En bref : un conseiller en sécurité financière ne fait pas battre le marché, et celui qui vous promet le contraire devrait vous inquiéter. Sa valeur se trouve ailleurs, dans les décisions structurantes qu'on prend trois ou quatre fois dans une vie et qu'on ne peut pas reprendre : dans quel ordre décaisser ses comptes, quoi faire d'un fonds de pension quand on change d'emploi, quelle protection mettre en place avant un diagnostic, qui inscrire comme bénéficiaire.
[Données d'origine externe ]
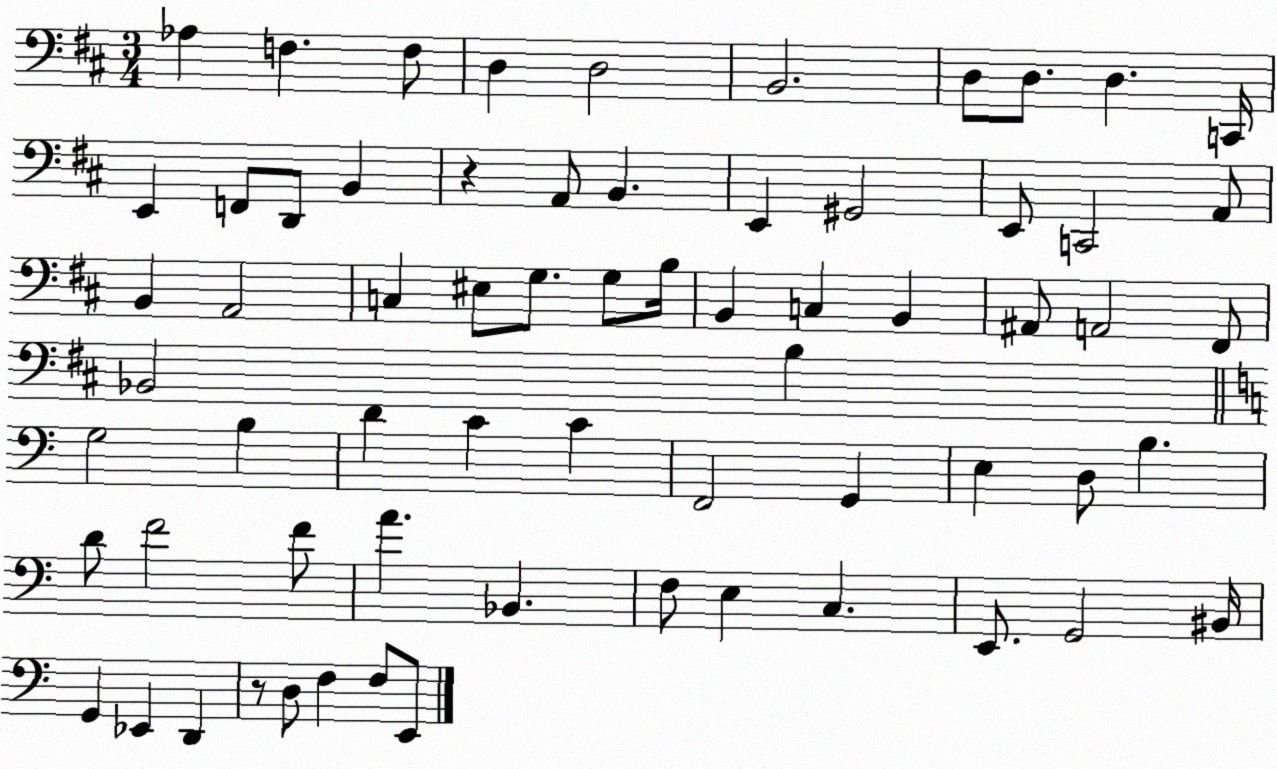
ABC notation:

Un portefeuille se gère seul aujourd'hui, avec des outils excellents et peu coûteux, et je ne vais pas prétendre le contraire. Une vie financière, non. Les événements qui coûtent le plus cher ne se produisent pas dans un portefeuille, ils se produisent dans une vie : un changement d'emploi, une naissance, une séparation, un diagnostic. La différence entre les deux se mesure rarement en points de rendement, et souvent en milliers de dollars d'impôt évités ou en une protection qui existait au bon moment.
La première question qu'on me pose en rencontre, presque toujours, est une variante de celle-ci : « Est-ce que vous allez me faire faire plus de rendement ? »
Ma réponse est non. Et c'est probablement la chose la plus utile que je puisse vous dire avant qu'on aille plus loin.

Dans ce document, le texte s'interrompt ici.